Copying Data Between ZODB Storages: zodbconvert

RelStorage comes with a script named zodbconvert that converts databases between formats. Use it to convert a FileStorage instance to RelStorage and back, or to convert between different kinds of RelStorage instances, or to convert other kinds of storages that support the storage iterator protocol.

When converting between two history-preserving databases (note that FileStorage uses a history-preserving format), zodbconvert preserves all objects and transactions, meaning you can still use the ZODB undo feature after the conversion, and you can convert back using the same process in reverse. When converting from a history-free database to either a history-free database or a history-preserving database, zodbconvert retains all data, but the converted transactions will not be undoable. When converting from a history-preserving storage to a history-free storage, zodbconvert drops all historical information during the conversion.

How to use zodbconvert

Create a ZConfig style configuration file that specifies two storages, one named “source”, the other “destination”. The configuration file format is very much like zope.conf. Then run zodbconvert, providing the name of the configuration file as a parameter.

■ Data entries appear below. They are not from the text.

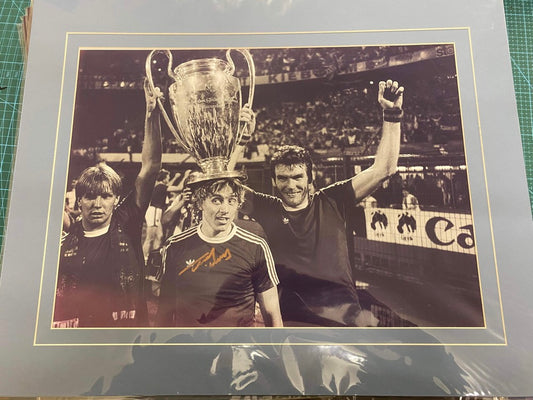 Aston Villa 1982 European Cup Final photo personally signed by Tony Morley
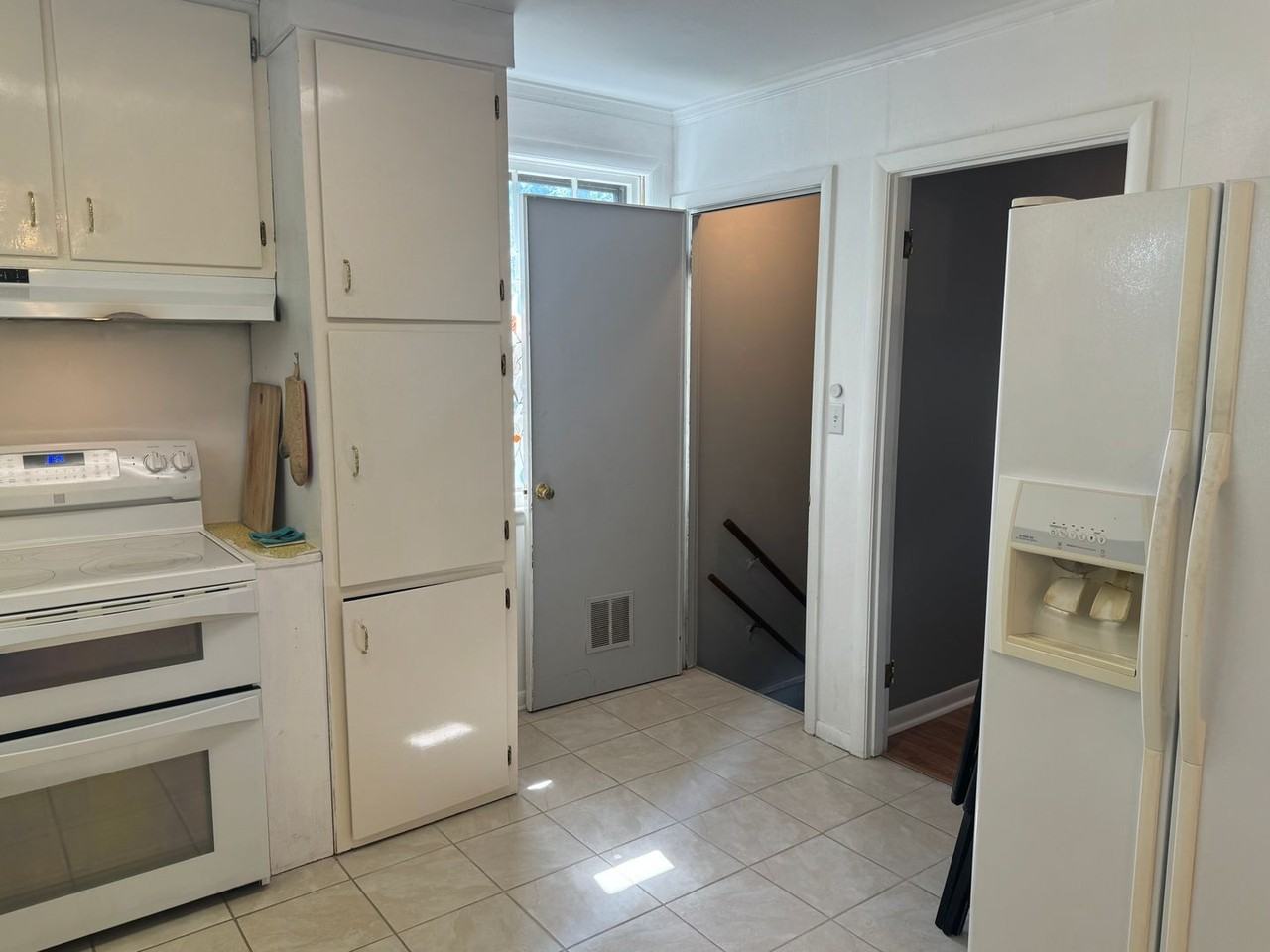 332 Lynn Dr - Photo 7 of 35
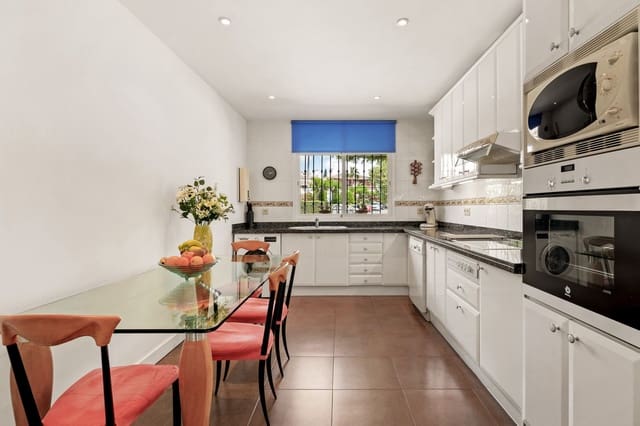 2 bedroom Beach Apartment for sale in Villacana - Costalita - Saladillo, Estepona with pool garage - € 549,000 (Ref: 9857807)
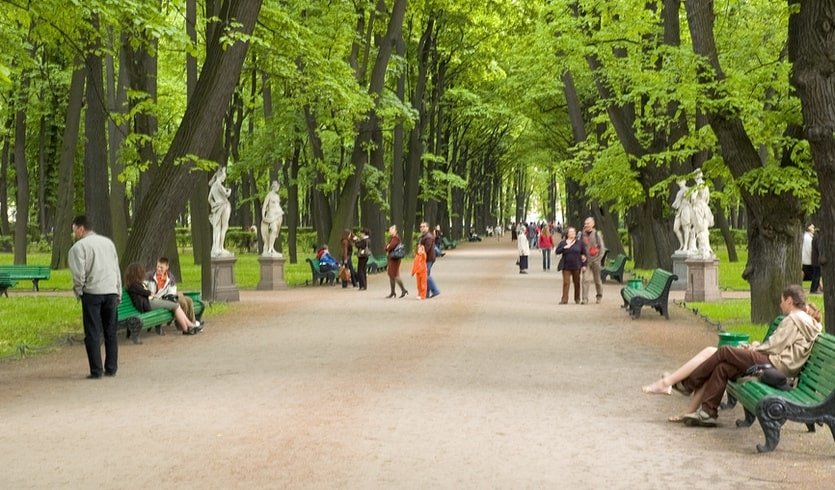 Летний сад – сборные туры в Санкт-Петербург от 21990 рублей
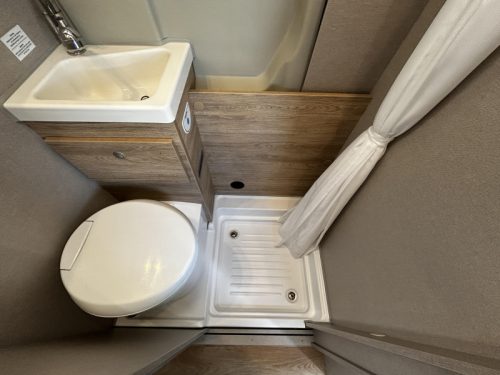 Globecar Globescout Transverse Bed/2023/VAT/Euro-6 photo: 13
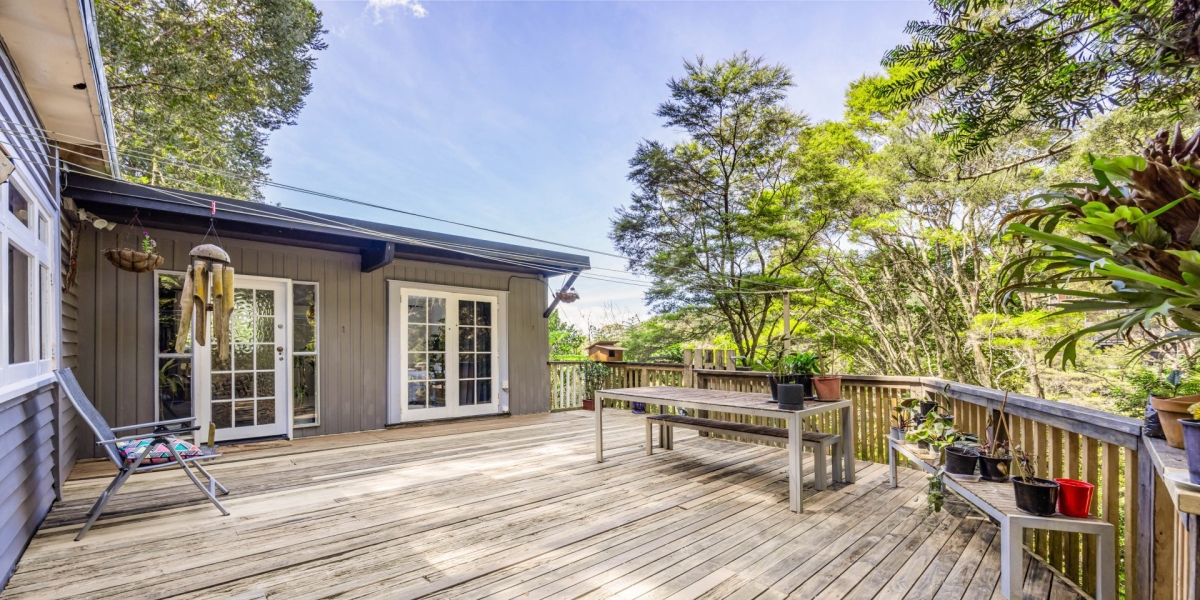 103 Laingholm Drive, Laingholm, Auckland 0604 NZ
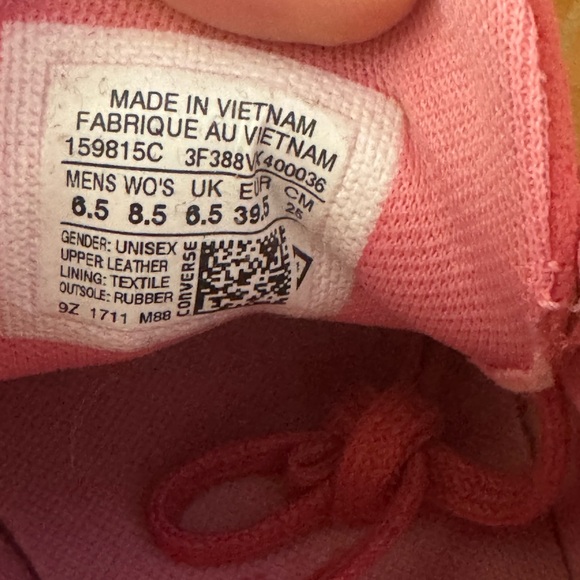 Converse Pink Unisex Sneakers - Picture 4 of 8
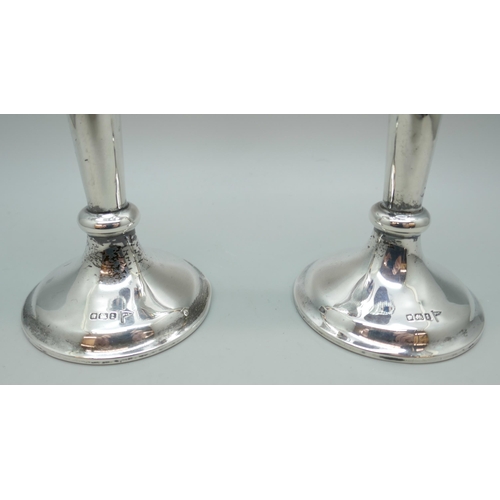 7249 - A pair of pierced silver vases, Walker & Hall, Sheffield 1911, 308g total weight (weighted bases), 1... 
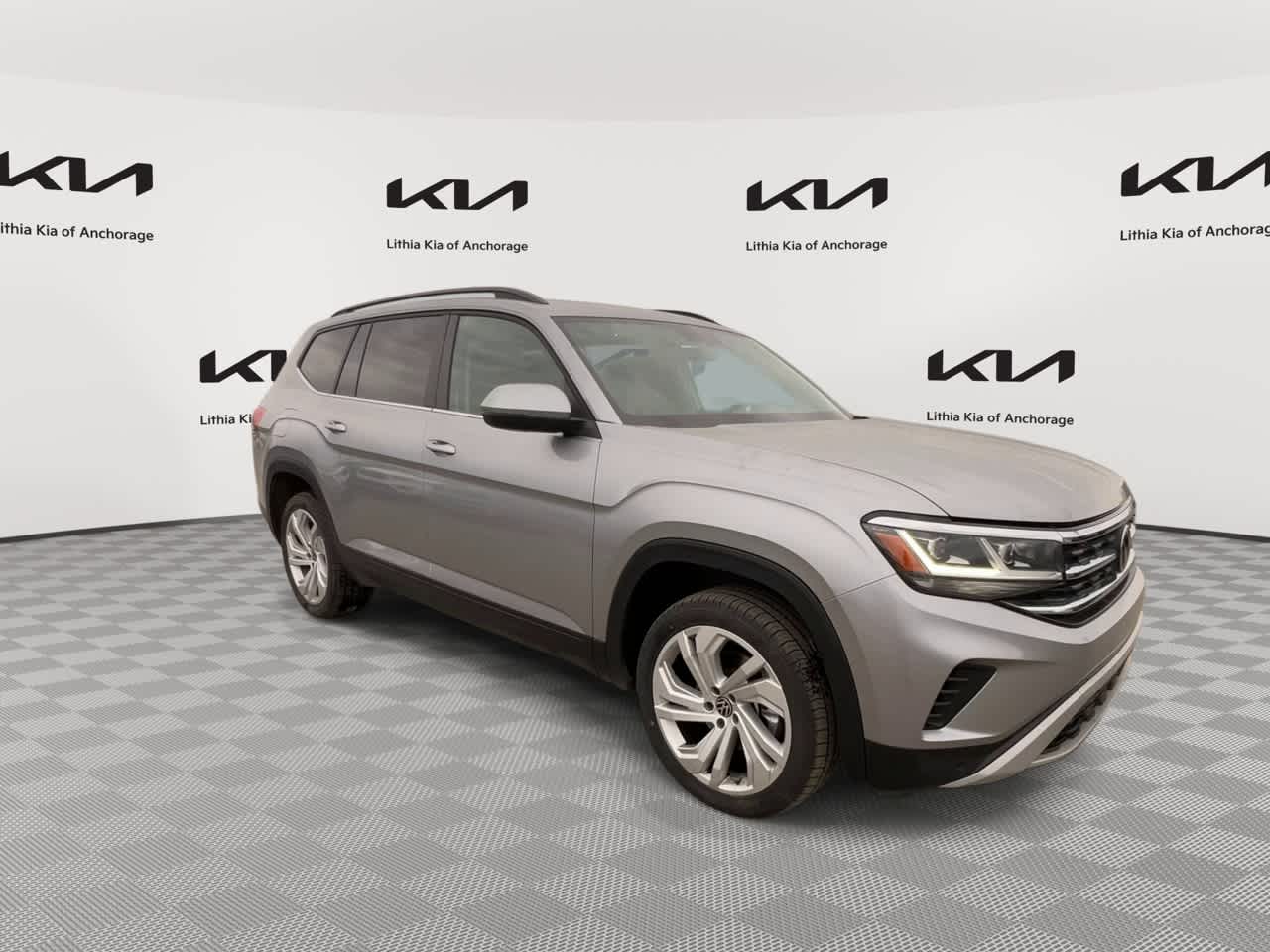 Thumbnail: 2023 Volkswagen Atlas - 3
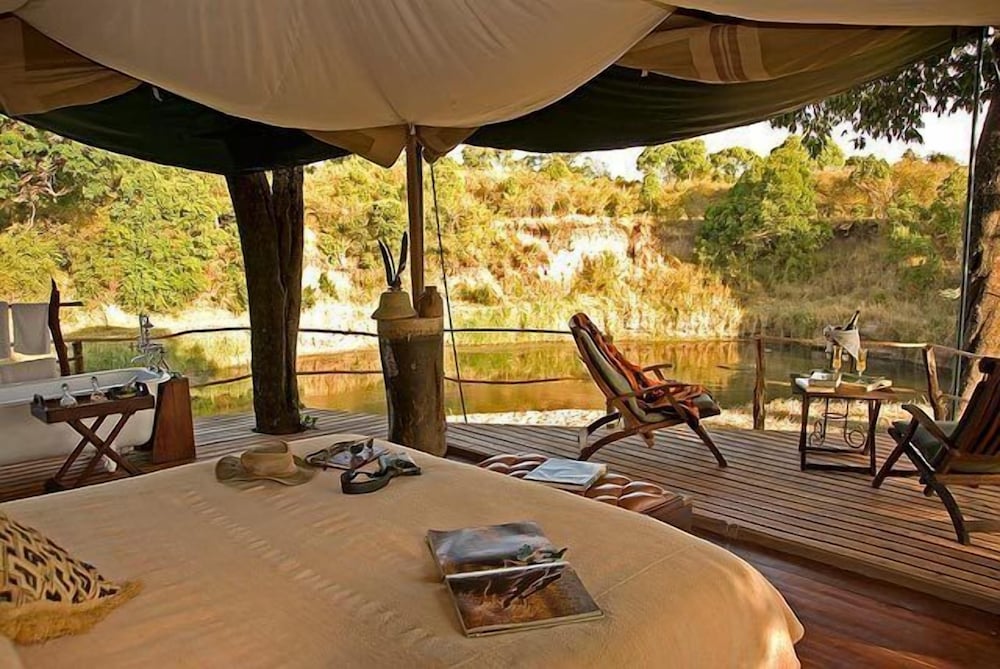 Luxury Tent (3 Safaris included) photo 1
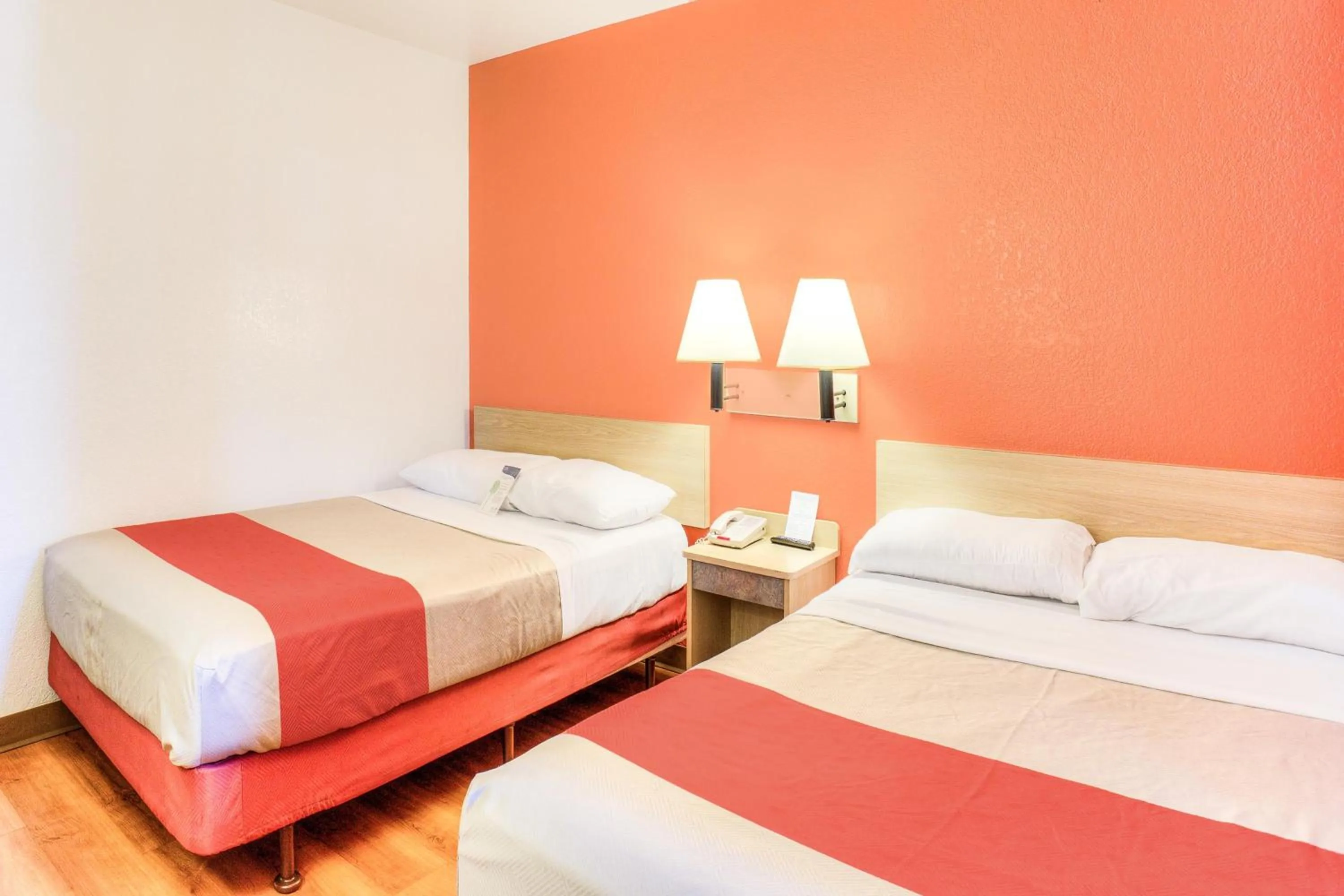 Bedroom, Bed in Motel 6-Tigard, OR - Portland South - Lake Oswego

The utility does not modify the source storage. Before copying the data, the utility verifies the destination storage is completely empty. If the destination storage is not empty, the utility aborts without making any changes to the destination, unless the --incremental option is used (in which case the destination must be a previously copied version of the source).

Here is a sample zodbconvert configuration file:

<filestorage source>
  path /zope/var/Data.fs
</filestorage>

<relstorage destination>
  <mysql>
    db zodb
  </mysql>
</relstorage>

This configuration file specifies that the utility should copy all of the transactions from Data.fs to a MySQL database called “zodb”. If you want to reverse the conversion, exchange the names “source” and “destination”. All storage types and storage options available in zope.conf are also available in this configuration file.

Incremental Copies

The option --incremental asks zodbconvert to perform a partial copy of the data. It requires that the destination storage contains a complete copy of all data from the source up through the last transaction recorded in the destination. (For the first invocation of the program, the destination storage should be empty.)

For this to work correctly, the source database must provide a consistent view of the database through its iterators. RelStorage does this, as does a FileStorage; it is not know if ZEO or other storages do this.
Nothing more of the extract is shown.